Matthew Arnold, astute critic and earnest scholar, did not hesitate to declare often and emphatically the profound influence of Hebrew tradition upon both the life and the literature of English-speaking peoples. Inevitably, indeed, since the religion of the Old Testament was a fundamental part of Christianity, the Sacred Books have been dominant in the thoughts and the writings of the devout, as well as in the receptive souls of the poets. Out of the practical necessity of religion, when the Protestant church determined on a vernacular edition of the Scriptures, grew the St. James's version, which became, and remains, the chief literary monument of the language. In the Elizabethan period of English literature, the sway of Hebrew thought was displayed almost incessantly by poet and dramatist alike. Scriptural allusions are multitudinous in the folios of Shakespeare. To the Jewish source, Milton owed the whole inspiration for his masterpiece, “Paradise Lost”. In “Samson Agonistes”, as well, the blind poet yielded recognition of the power in the old tales of the Hebrews. In holy fervor, he set his art to interpret in English the singular charm of the original text of the Psalms, which he knew intimately and loved. *** Ah, those Psalms of David, beloved alike of Jew and of Gentile, universal voice of prayer, of despair, of penitence, of hope, of faith, of blessed assurance, of sacred peace! They have stirred to noble fervor the hearts of countless poets. Sir Philip Sydney wrought them to the English tongue; so, too, Sir Thomas Wyatt, Lord Pembroke. Royalty itself, in the persons of King James and of Queen Elizabeth took up the task of versions in their own tongue. In less extent, the Book of Proverbs drew the efforts of many to paraphrase this wisdom into English. Rhythmical versions were written of the Book of Job-aged and deathless poem !—of Lamentations, of Ecclesiastes.

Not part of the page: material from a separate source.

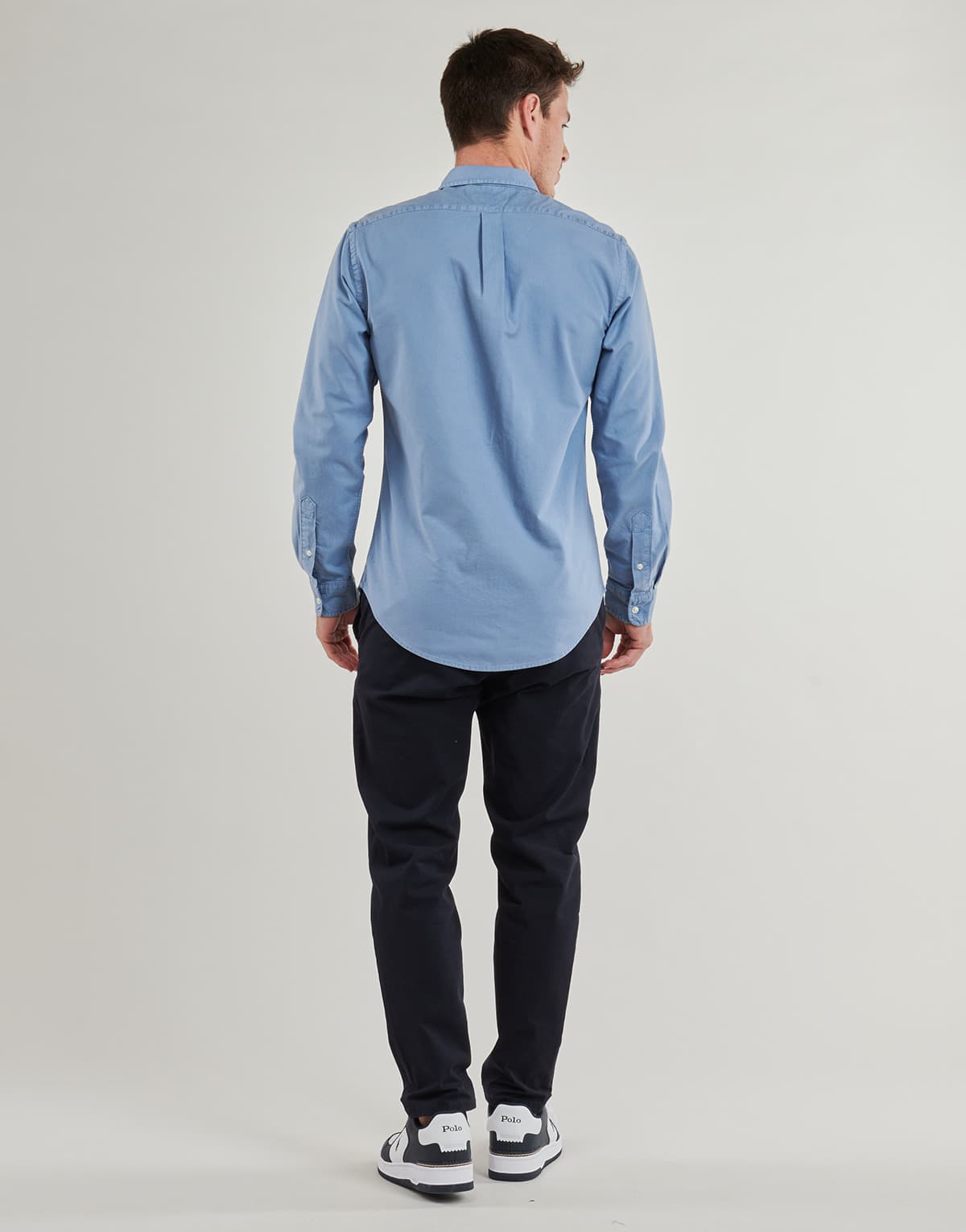 Men's Shirts Polo Ralph Lauren Blue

The splendid songs of the Old Testament found countless votaries to essay their worth in English phrasings. The lyrics of Miriam and Deborah have been rendered repeatedly; as, too, David's mourning over Saul and Jonathan, and the Canticles of Solomon-sublime lovesong of the world!

In another field, the impress of Jewry's thought has been made manifest in the works of such writers as S. Baring-Gould, George Croly, Owen Meredith and Archbishop Trench, along with others innumerable, who have set forth in English the quaint tales of the Rabbins. Thus, the parables of the Talmud have been garnered into our English tongue. The brilliant mind of Robert Browning seized on these for the purposes of his Apologues.

The crystallized thought of the ancient Hebrews is the one thing most precious come down to us from the remote past. The vastness of this influence on successive after-ages may not be comprehended : a clue to apprehension lies in the pages of this ANTHOLOGY. To the English-speaking races Hebrew thought has served steadfastly as the incentive to achievement in the art of letters; it has been constant, indefatigable, in its grant of inspiration, in its array of splendid material at the writer's behest. How bountifully its riches have been loved, how gratefully nurtured, how graciously made fruitful, this ANTHOLOGY reveals.